Pakistani buses have art on them too
The term jingle truck comes from United States military slang, coined by servicemen in Afghanistan, although it may date to the British colonial period. The term came to be because of the "jingle" sound that the trucks make due to the chains hanging from the bumpers of the vehicles.
Many trucks and buses are highly customized and decorated by their owners. External truck decoration can cost thousands of dollars. The decoration often contains elements that remind the truck drivers of home, since they may be away from home for months at a time. Decoration may include structural changes, paintings, calligraphy, and ornamental decor like mirror work on the front and back of vehicles and wooden carvings on the truck doors. Depictions of various historical scenes and poetic verses are also common. Outfitting is often completed at a coach workshop. Chains and pendants often dangle off the front bumper.
One of the most prominent truck artists is Haider Ali. Trained by his father from his youth, he first came to international attention in 2002 when he painted an authentic Pakistani truck as part of the Smithsonian Folklife Festival.
In Pakistan, Karachi is a major city center for truck art, though there are other hubs in Rawalpindi, Swat, Peshawar, Quetta and Lahore. Trucks from Balochistan and Peshawar are often heavily trimmed with wood, while trucks from Rawalpindi and Islamabad often feature plastic work.

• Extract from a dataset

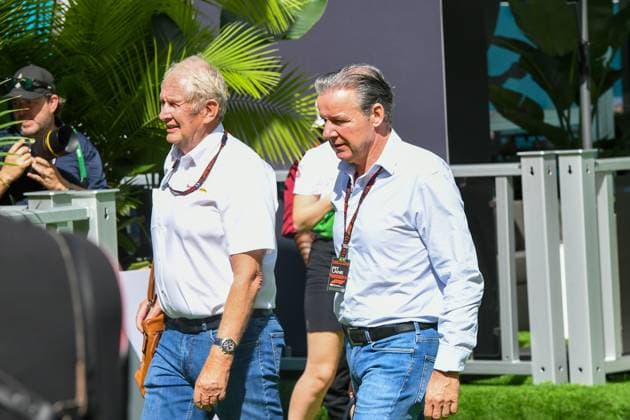 Formel 1 GP Miami USA. 04.05.2024 Dr. Helmut Marko und Max Verstappen s Manager Raymon Vermeulen; Formel 1 GP Miami USA. 04.05.2024 Copyright: xBEAUTIFULxSPORTS Erlhofx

Camel bone ornamentation and predominance of red colours is commonly seen on trucks decorated in Sindh.
In India, the Delhi-based artist Tilak Raj Dhir states that the slogans he adds to his truck art, which is prevalent throughout the National Capital Region, often change with the socio-political atmosphere.
Truck art has extended beyond the decoration and ornamentation of trucks into other forms and media.
Though cars are not traditionally decorated in South Asia, there are examples of cars embellished in a truck art style. In 2009, The Foxy Shahzadi, a 1974 VW Beetle decordated in a truck art style, traveled from Pakistan to France over a 25-day journey. In the Indian city of Mumbai, some drivers decorate their taxis in a truck art style.
The lively colors of Pakistani trucks have inspired multiple fashion designers. The Italian fashion company Dolce & Gabbana used truck art-inspired displays in a 2015 campaign. Although used more often on women's fashion, some men's clothing have been inspired by South Asian truck art.
Largely a domestic art in its early years especially in North India and Pakistan, the ideation of beautifying trucks, lorries, and rickshaws with multifaceted patterns and calligraphy was common.
For truckers in India, that means a kaleidoscope of colors, slogans, and intricately painted symbols that are as much about bling -- as shrewd business sense. ..."A better looking truck attracts more business," says Shantanu Suman, graphic designer and filmmaker behind 2013 documentary "Horn Please," which explores India's spectacular truck art tradition.